--- Collected data ---
- Opening Delimiter -

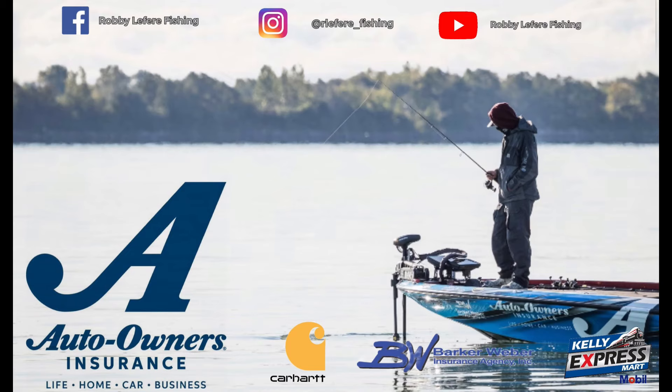That's pretty much everything I've got for chatterbaits. Now we're just going to put one on and see if we can catch a couple of fish for you guys. Thanks for watching.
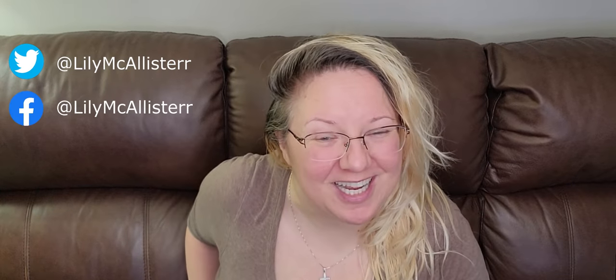Hi everybody! Welcome back to my channel. If you're new here, I'm Lily McAllister. Today I'm going to be reviewing the new Olight that I received — it's new for me. The Batten 3 Kit Ti.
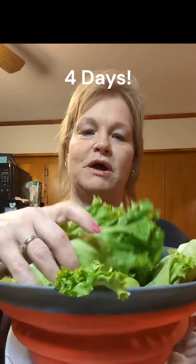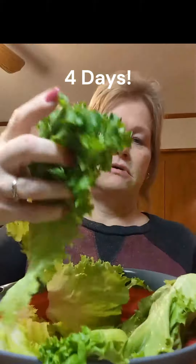What I didn't show you in the video the other day was I also bought some romaine lettuce. I cleaned it, cut the core off the bottom of it, and did it as well. And it's four days old — still nice and crispy. We're at four days and the lettuce is still good.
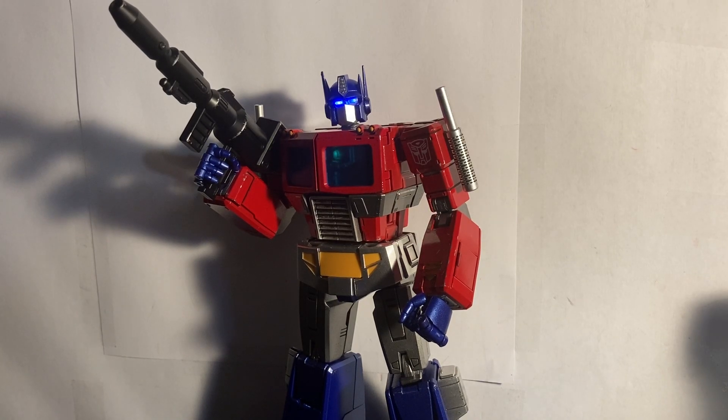Hello everyone, Megatronic here, and today we're going to be taking a quick look at the Yellow Park AMK series G1 Optimus Prime.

- Closing Delimiter -

--- Activity ---
An exact copy is needed of the lines running from the one containing "Hi everybody! Welcome" through the last line of the material, and of no others; pictures stay out.

--- Solution ---
Hi everybody! Welcome back to my channel. If you're new here, I'm Lily McAllister. Today I'm going to be reviewing the new Olight that I received — it's new for me. The Batten 3 Kit Ti.
What I didn't show you in the video the other day was I also bought some romaine lettuce. I cleaned it, cut the core off the bottom of it, and did it as well. And it's four days old — still nice and crispy. We're at four days and the lettuce is still good.
Hello everyone, Megatronic here, and today we're going to be taking a quick look at the Yellow Park AMK series G1 Optimus Prime.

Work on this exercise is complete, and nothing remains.